La France envoie-t-elle des armes à Israël ? Pourquoi les convois de fusils mitrailleurs font polémique
Selon une information de Disclose et du média irlandais The Ditch, un cargo de la compagnie israélienne Zim devait faire escale à Fos-sur-Mer ce jeudi 5 juin et repartir quelques heures après, chargé de 14 tonnes de pièces détachées pour fusils mitrailleurs. Mercredi, les dockers de Fos-sur-Mer ont décidé de mettre ce conteneur de côté. Ils "ne le chargeront pas sur le bateau à destination d'Haïfa" a indiqué le syndicat général de la CGT des ouvriers dockers et des personnels portuaires du Golfe de Fos dans un communiqué consulté par France Info.

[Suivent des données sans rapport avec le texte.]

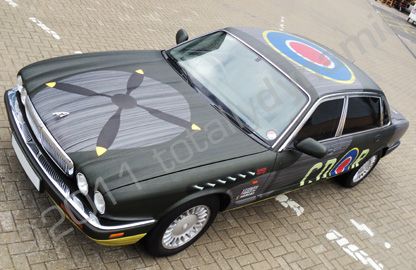 Jaguar Sovereign designed and wrapped by Totally Dynamic South London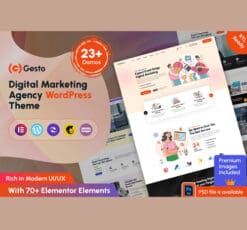 Gesto – Digital Marketing Agency WordPress Theme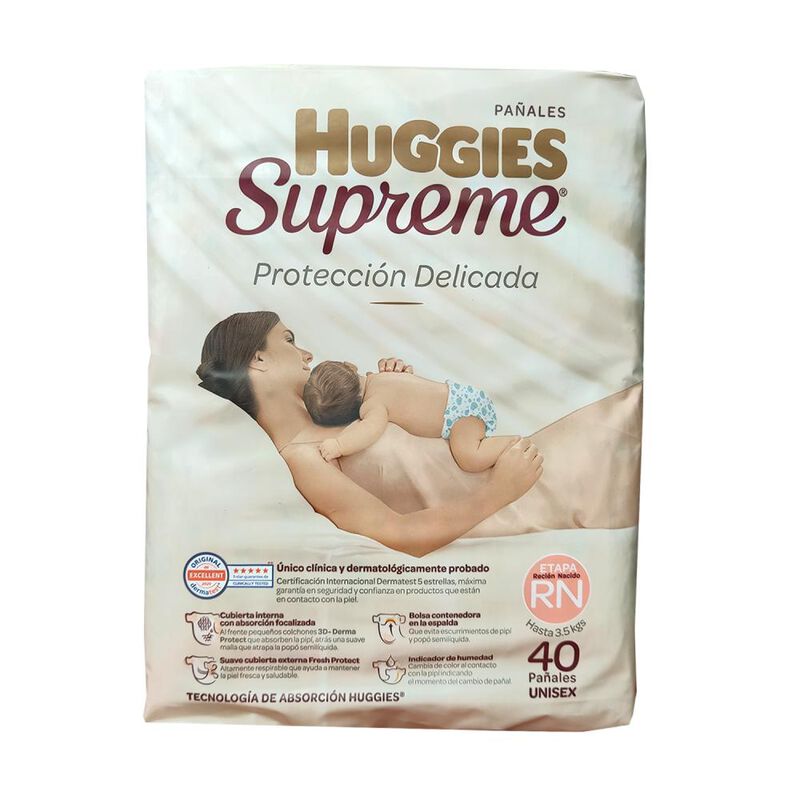 Huggies Supreme Unisex Rn C/40 Pa&ntilde;ales image number null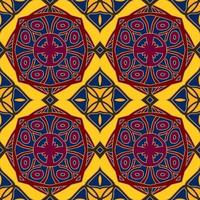 modèle sans couture marocain multicolore. arrière-plan islamique arabe traditionnel. style vintage, turc, indien idéal pour la moquette, la céramique, le carrelage. illustration vectorielle.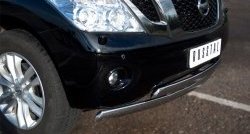 17 999 р. Защита переднего бампера (2 трубыØ75х42 мм, нержавейка) Russtal Nissan Patrol 6 Y62 дорестайлинг (2010-2014)  с доставкой в г. Кемерово. Увеличить фотографию 2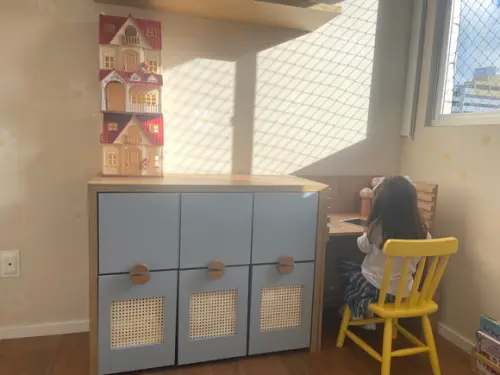 Conjunto Infantil Montessori com Mesa Regulável | TEF Marcenaria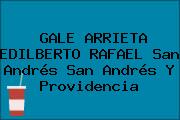 GALE ARRIETA EDILBERTO RAFAEL San Andrés San Andrés Y Providencia
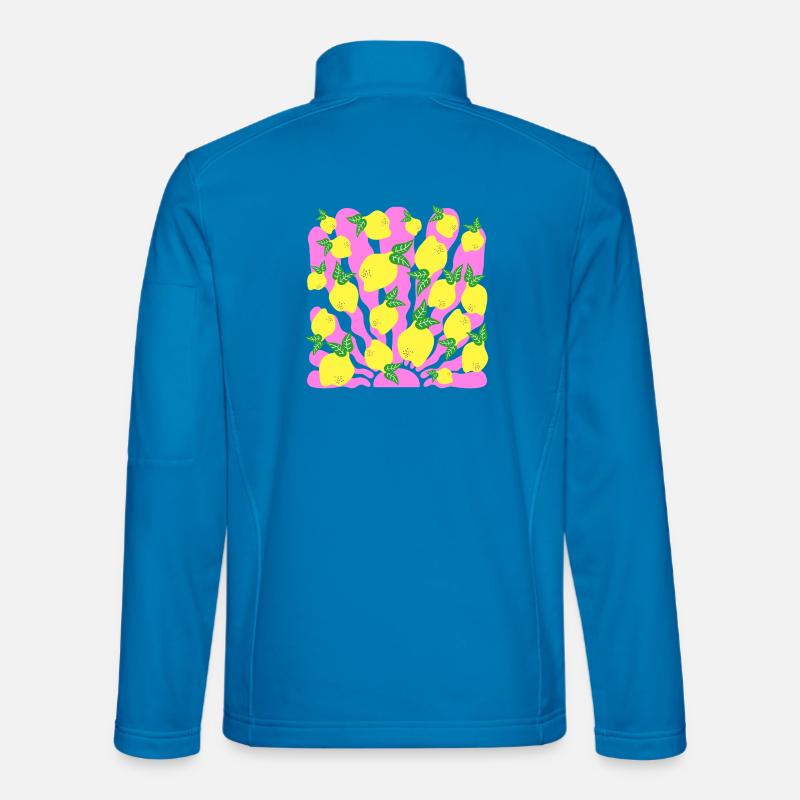 SUN ITALIAN LEMONS ITALY - Unisex Softshell Jacket - light blue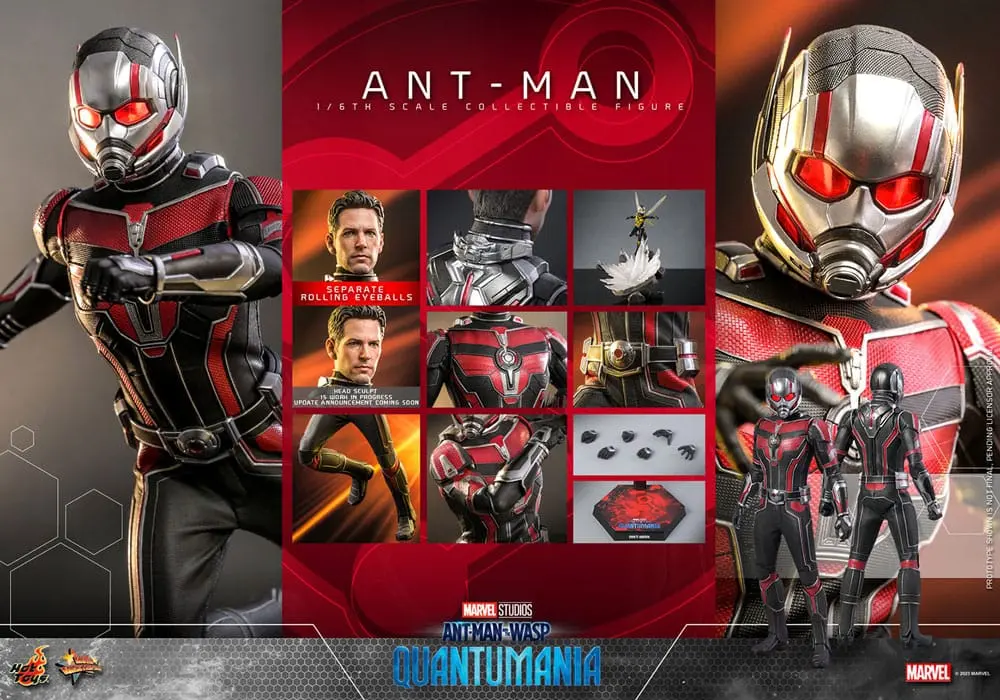 Ant-Man & The Wasp: Quantumania Movie Masterpiece Akčná Figúrka 1/6 Ant-Man 30 cm produktová fotografia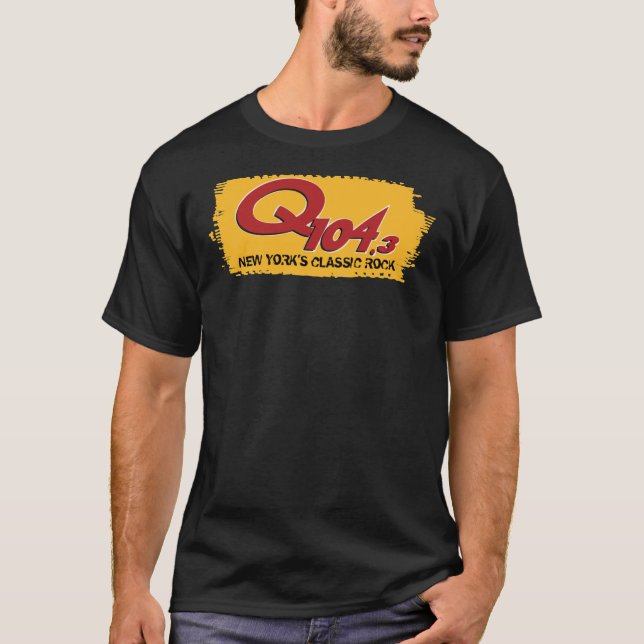 T-shirt Q104.3 - New York&x27 ; s Classic Rock Classic T-S (Devant)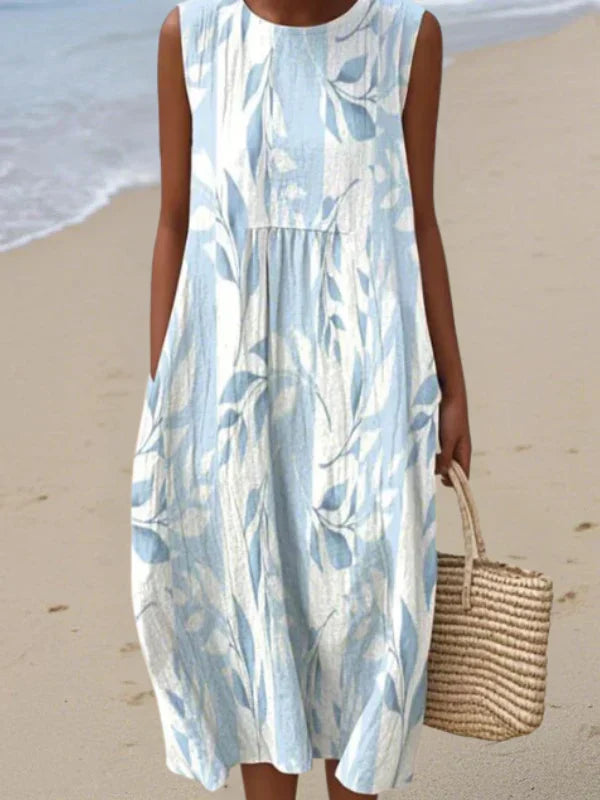 Joy | Fresh White and Blue Dress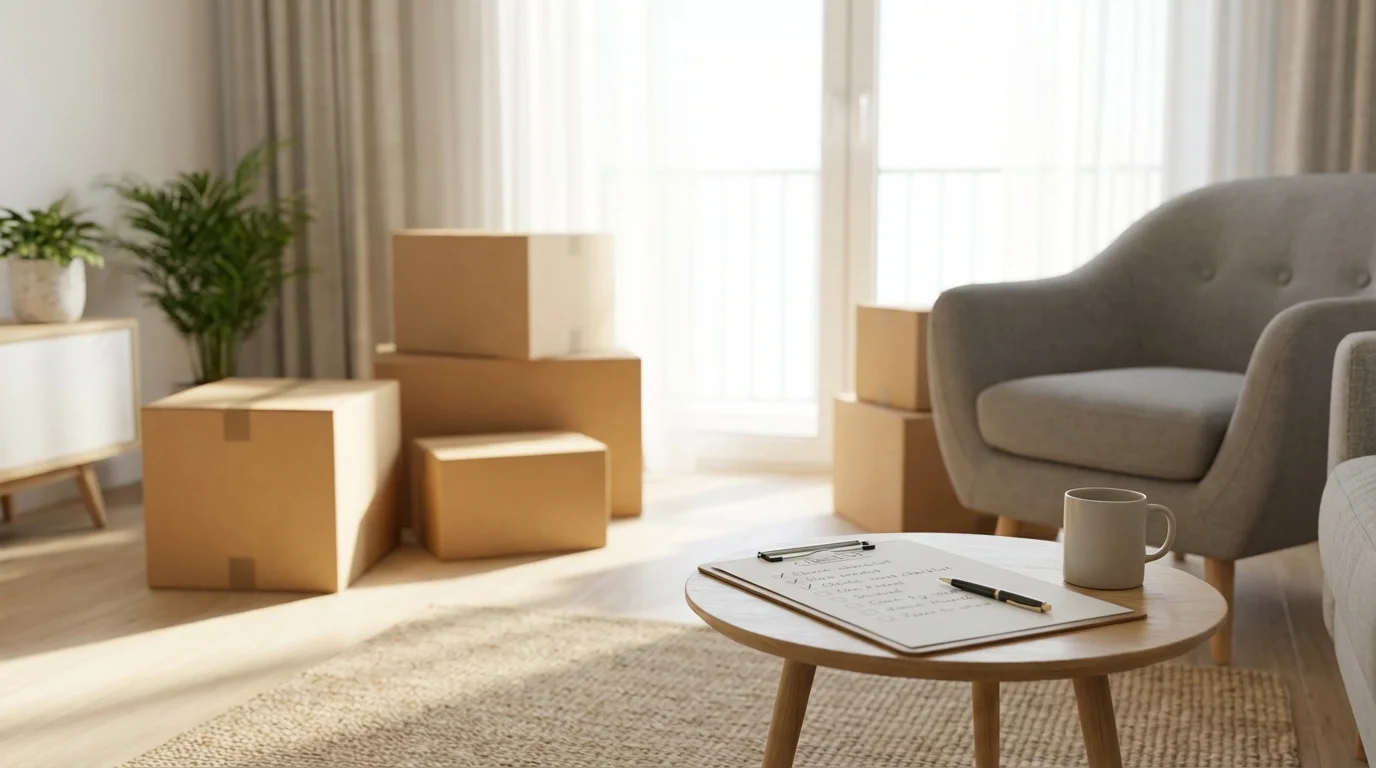 Checklist de déménagement : quoi acheter pour un nouvel appartement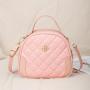 2024 Ladies Fashionable Single Handle Handbag Portable Women's Wholesale Fresh Sweet Messenger Bag for Foreign Trade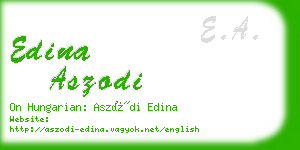 edina aszodi business card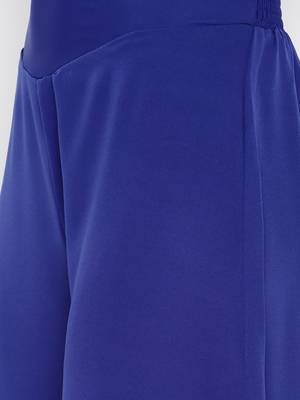 Blue Crepe Material Palazzo 5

Alertés par "plusieurs réseaux" au sujet de l'embarcation de 19 palettes de maillons fabriqué par Eurolinks, les dockers ont retrouvé le conteneur après avoir informé leur hiérarchie et les autorités compétentes. Eurolinks est une entreprise privée marseillaise qui fabrique ces maillons métalliques utilisés pour relier les balles de fusils mitrailleurs et permettre le tir en rafale. La CGT affirme dans son communiqué qu'il s'agit de pièces "servant à l'armée israélienne pour continuer le massacre de la population palestinienne".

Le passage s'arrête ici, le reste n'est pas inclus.